**Task details:** Without including any pictures, write out the data below exactly.

**Information shown:**
((

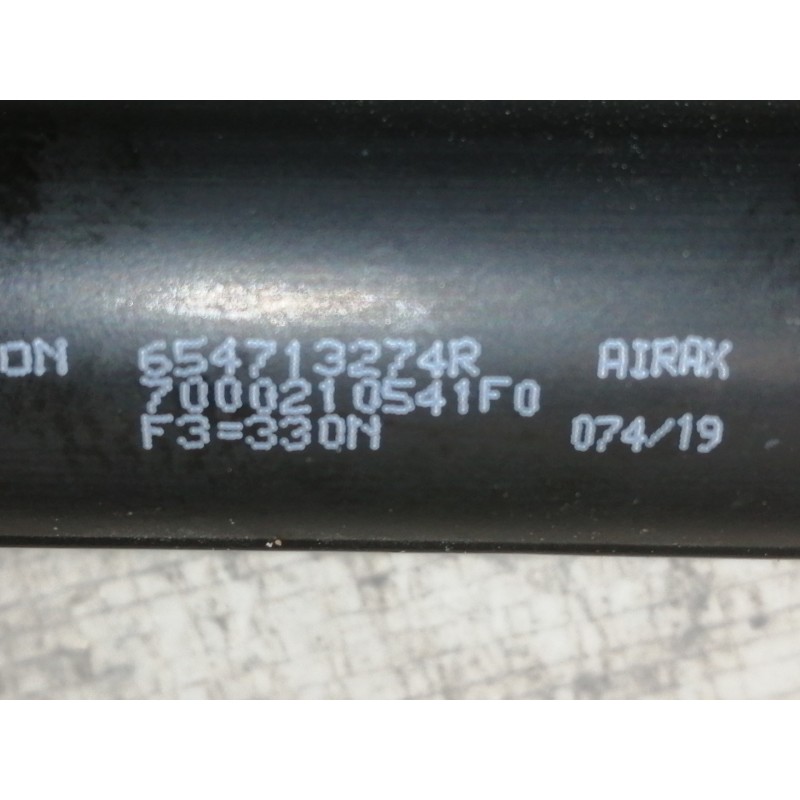 Recambio de amortiguadores capo para dacia sandero stepway referencia OEM IAM 654713274R 7000210541F0 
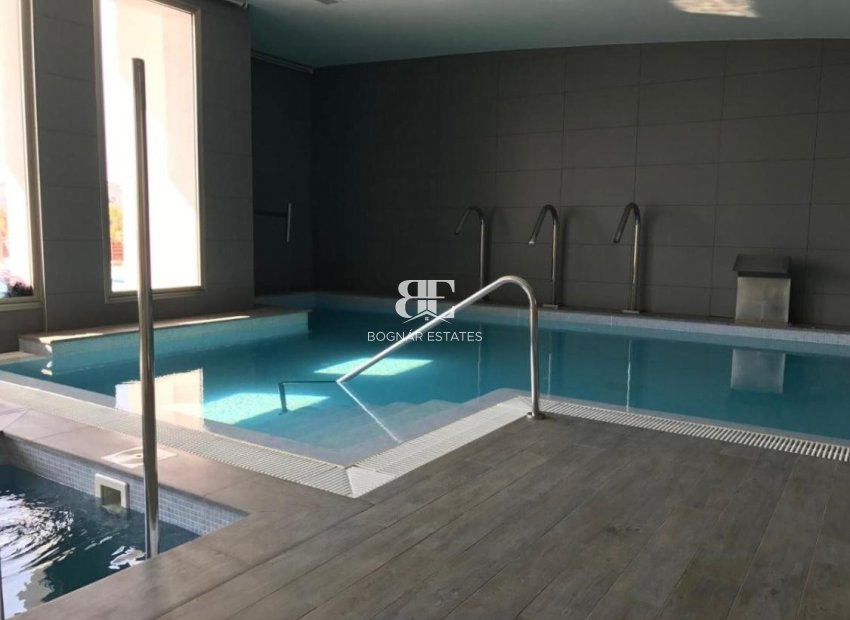 Resale - apartment -
Orihuela Costa - Los Dolses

))

**Task answer:**
 Recambio de amortiguadores capo para dacia sandero stepway referencia OEM IAM 654713274R 7000210541F0 
 Resale - apartment -
Orihuela Costa - Los Dolses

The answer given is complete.